Metal-Wire Waveguides Deliver Unparalleled Terahertz Network Efficiency

A research group at Institut national de la recherche scientifique (INRS) in Quebec has achieved broadband terahertz (THz) signal processing by directly engineering the wire surfaces of metal-wire waveguides. The approach allowed multiscale-structured Bragg gratings to be directly etched on metal wires without the need to introduce additional materials.

When paired with diverse waveguide designs, the INRS team’s approach could provide a structurally simple platform for achieving exceptional signal processing capabilities in the THz regime.

This is the first time such an approach has been applied to THz frequencies, the researchers reported. The team was led by Roberto Morandotti.

“By engraving judiciously designed grooves with multiscale structures directly on the metal wires, we can change which frequencies are reflected or transmitted — that is, a THz Bragg grating — without adding any material to the waveguide,” researcher Junliang Dong said.

The approach succeeded because THz guidance in metal-wire waveguides is based on the propagation of THz surface plasmon polaritons (SPPs) along the metal-air interface — which is extremely sensitive to the conditions of the metal surface. The metal-wire waveguides offer structural simplicity and bendability, and their affinity to cables makes connections efficient and straightforward.

Scientists who participated in the research on metal-wire waveguides for broadband terahertz signal processing and multiplexing, from left: Roberto Morandotti, Junliang Dong, Giacomo Balistreri, and Pei You. The team envisions that its platform can be applied for multichannel transmission of uncompressed ultrahigh-definition videos, and ultrahigh-speed short-distance data transfer between THz network elements. Courtesy of Robin Helsten.

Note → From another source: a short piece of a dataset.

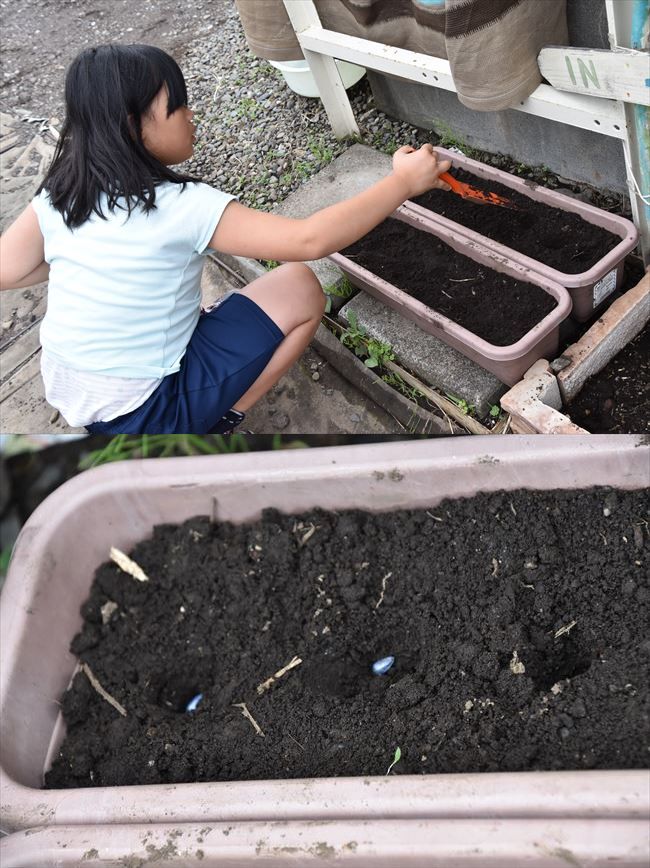 ファイル 68-3.jpg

As a proof of concept, the researchers demonstrated a versatile metal-wire waveguide topology called a four-wire waveguide (FWWG). The FWWG geometry supports the low-loss and low-dispersion propagation of polarization-division multiplexed THz signals.

The FWWG can sustain two independent, orthogonally polarized modes. Since the modes do not interfere with each other, the FWWG is able to act as a broadband polarization-division multiplexer. By integrating Bragg gratings on metal wires into the FWWG, the researchers demonstrated the independent manipulation of polarization-division multiplexed THz signals.

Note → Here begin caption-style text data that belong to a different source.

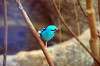 ueno_zoo_1626_mini.jpg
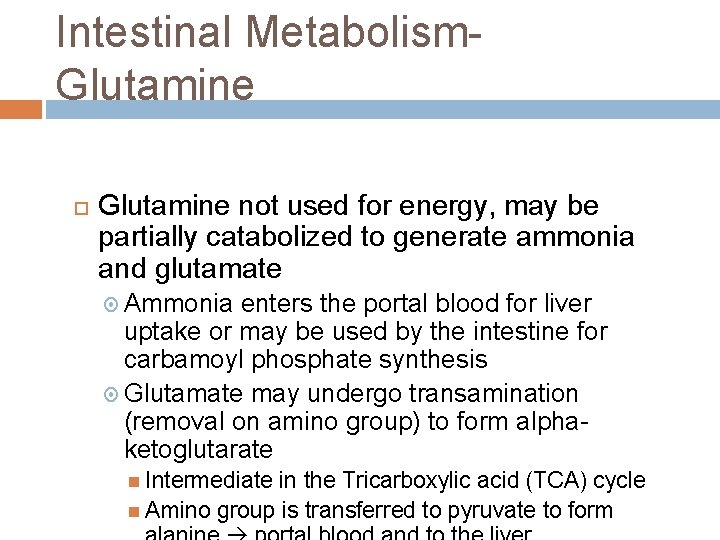 Intestinal Metabolism. Glutamine not used for energy, may be partially catabolized to generate ammonia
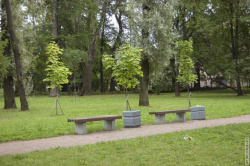 лавочки в Пионерском саду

The FWWG device could provide a way to enable polarization-division multiplexing in waveguides, while processing multiplexed signals over a broad THz frequency range. It could support the independent manipulation of signal channels multiplexed in both frequency and polarization, the researchers believe, and could enhance the capacity of THz systems, eventually achieving data rates of about Tb/s in future THz networks.

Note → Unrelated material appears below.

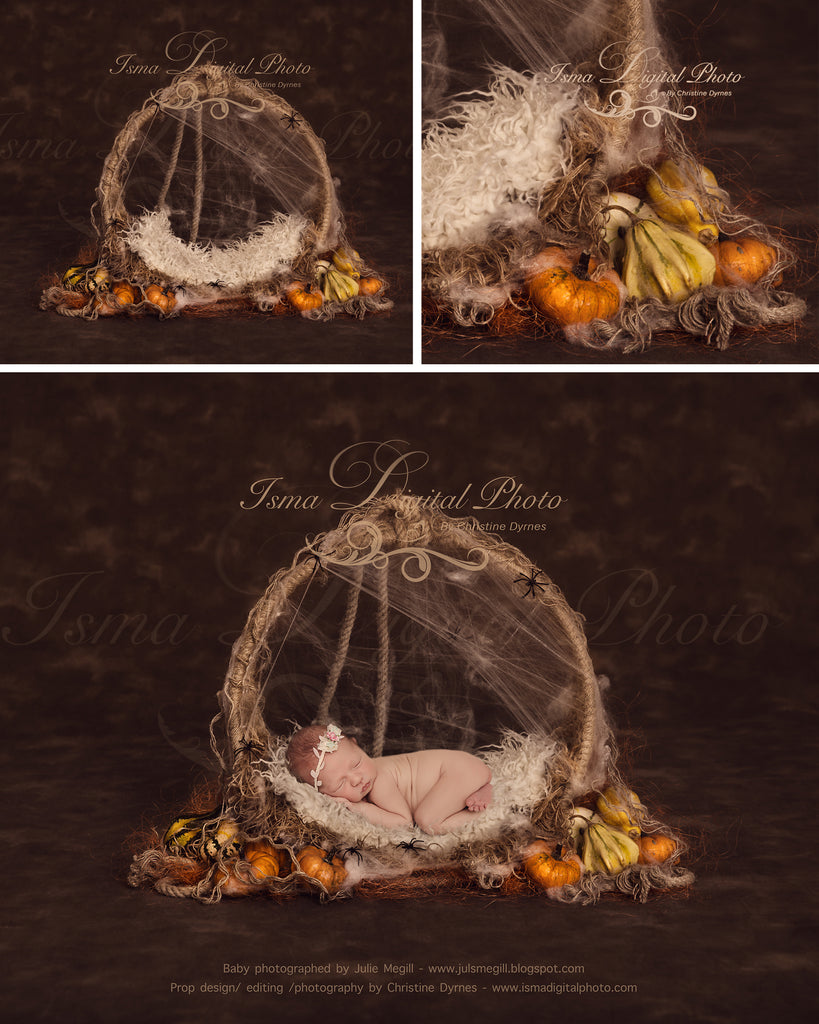 Purchase 2 Halloween digital backdrops and get 50% off!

“Our device represents the first THz waveguide architecture, with a new metal-based design, which supports polarization-division multiplexing,” Morandotti said. “In particular, the capability of realizing such a complex signal-processing functionality — that is, the independent manipulation of multiplexed THz signals — has never been achieved elsewhere.”

Further, the approach to the manipulation of THz pulse propagating within metal-wire waveguides could inspire new ways to boost the capacity and spectral efficiency of future THz networks — providing a path, for example, to “holographic messaging” in 6G networks. It also provides a universal platform for attaining broadband THz signal processing. It could, for example, lead to the multichannel transmission of uncompressed ultrahigh-definition video; ultrahigh-speed, short-distance data transfer between devices; and chip-to-chip communications.

The research was published in Nature Communications (www.doi.org/10.1038/s41467-022-27993-7).